How did you do on our first Puzzler? The answers are in this newsletter. We’d love to know what you thought about this new newsletter feature. Was it too difficult? too easy? Do you like crossword puzzles or would you prefer another type of puzzle?
While most people are looking forward to the holidays and holiday gift making, I am looking back on last year’s gifts. And I don’t have to look back too far. It’s August and I just finished my last Christmas 2008 gift. Let me explain. Every year my friends and I have a holiday party where we play White Elephant: everyone brings one gift; each person picks a number out of a hat and goes in order picking a gift, but they can pick a wrapped gift or “steal” from someone who has already opened a gift.
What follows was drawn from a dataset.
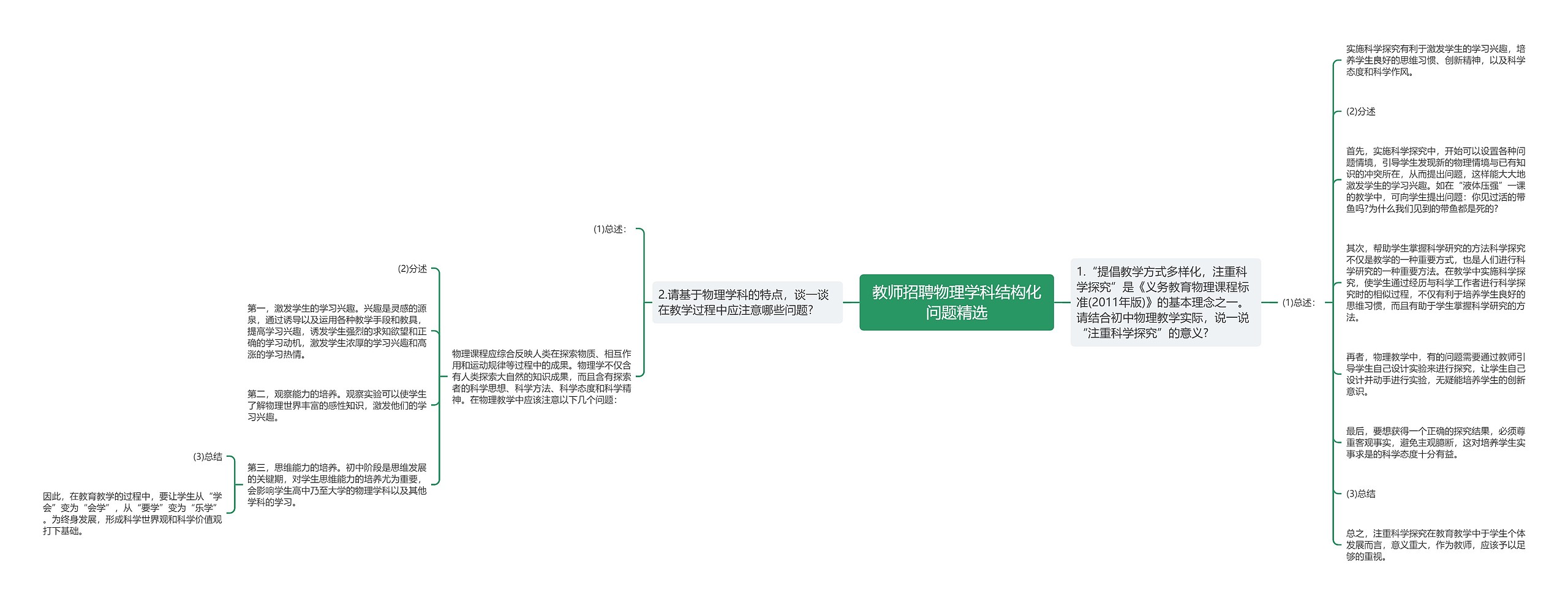 教师招聘物理学科结构化问题精选思维导图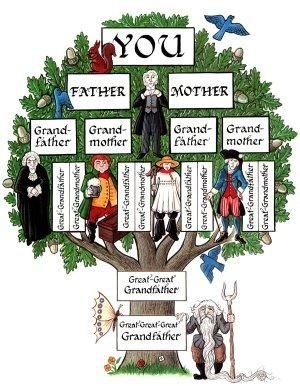 Genealogy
My gift was a ball of yarn with a note that the recipient could pick anything (within reason) for me to custom knit for her. After being “stolen” the maximum number of times, my friend who received it looked at patterns with me and decided on the Brooke’s Column of Leaves Scarf on Ravelry.
She picked her yarn (Vanna’s Choice in Mustard) and I told her I could have it within a couple weeks. But as it turns out she was leaving for Europe before I could finish the scarf. So the scarf was hibernating while I worked on other holiday projects, and spring and summer projects, until a couple weeks ago. Finally, the scarf is finished, just in time for her return to New York.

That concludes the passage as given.